Why use Docker?

One thing we probably do on a daily basis as a data scientist or software engineer is probably clone a repository, install a bunch of software it depends on and try to run it in our own machine. The problem is very often we get into endless cycle of running into installation errors and trouble shooting. When you move the repository to a new environment, you have to reinstall the software again.

The goal of Docker is to make it easy to install and run software without having to go through a whole bunch of setup or installation of dependencies.

What is Docker?

Docker is a platform or ecosystem around creating and running containers. The Docker ecosystem contains Docker Client, Docker Server, Docker Machine, Docker Images, Docker Hub and Docker Compose.

An image is a single file containing all the dependencies and all the configuration required to run a very specific program. It gets stored on your hard drive and you can use it to create containers.

A container is an instance of an image and a program with its own isolated set of hardware resources.

Docker Client (Docker CLI): Tool that we are going to issue commands to. We will interact with it directly.

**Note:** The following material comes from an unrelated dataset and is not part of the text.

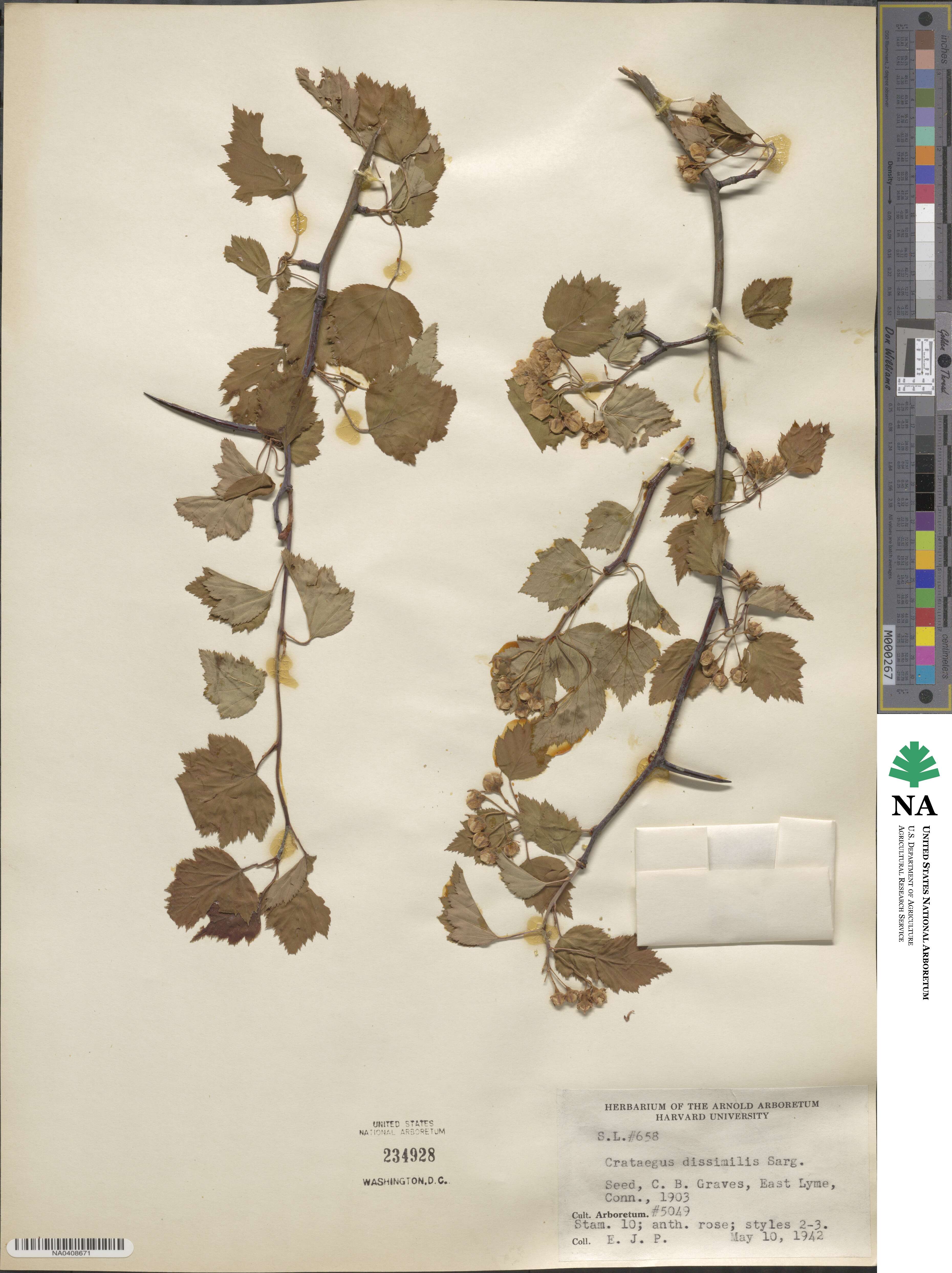 Crataegus dissimilis image
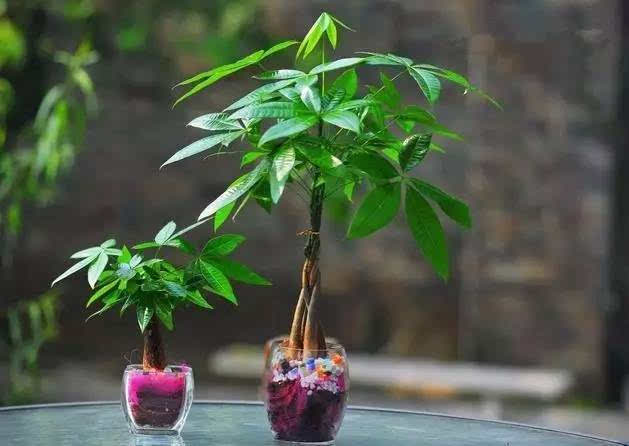 过年家里摆放合适的植物,过年适合家里摆放什么植物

Docker Server (Docker Server): Tool that is responsible for creating images, running containers, etc. It’s running behind the scenes and we never interact with it directly.

How to install Docker?

First, register for a Docker Hub account here. Then download Docker Desktop (Windows) from Docker Hub here. Start Docker Desktop before using it.

How to use Docker?

Assume I have built an web-based app. The front-end is written in HTML and CSS, and the back-end is mostly in Python and Flask. I’ve run the app successfully in my local server in my Windows 10 machine, and now I want to use Docker to wrap it so that I can use it anywhere in any machine.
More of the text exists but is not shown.